→ ABOUT THIS EXERCISE:
As soon as the line containing "Dailygoods- Hondenkostuum Leeuwenmanen" appears in the material below, start returning lines exactly, and end with the line containing "Northern Mockingbird - stephen".

→ RECORD EXCERPTS:

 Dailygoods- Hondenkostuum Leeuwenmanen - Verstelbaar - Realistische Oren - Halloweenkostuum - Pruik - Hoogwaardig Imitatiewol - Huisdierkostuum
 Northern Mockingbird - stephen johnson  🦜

==

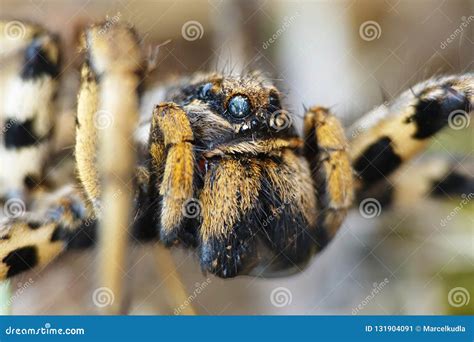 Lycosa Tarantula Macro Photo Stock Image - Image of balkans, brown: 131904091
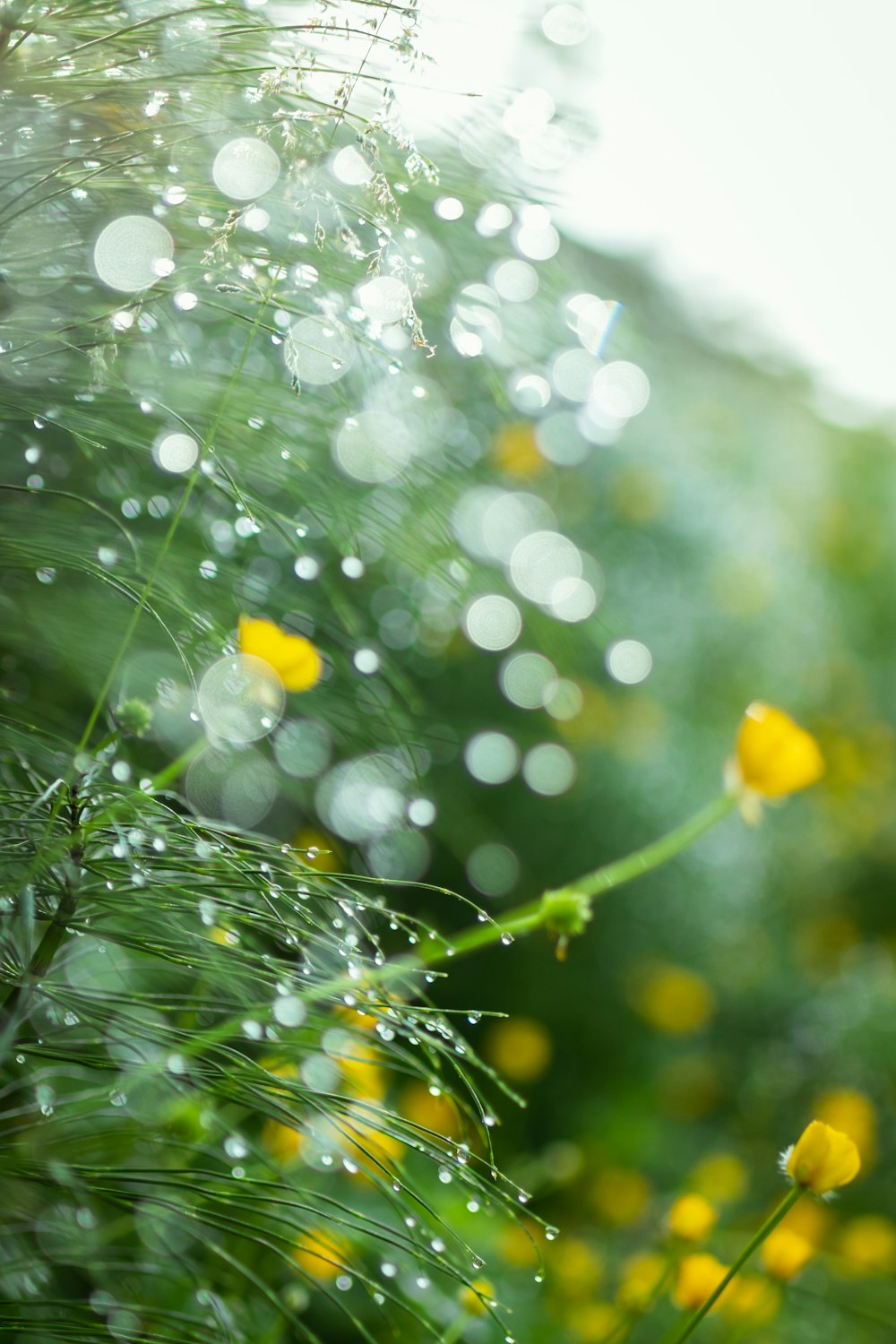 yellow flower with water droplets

→ ANSWER FOR THE TASK:
 Dailygoods- Hondenkostuum Leeuwenmanen - Verstelbaar - Realistische Oren - Halloweenkostuum - Pruik - Hoogwaardig Imitatiewol - Huisdierkostuum
 Northern Mockingbird - stephen johnson  🦜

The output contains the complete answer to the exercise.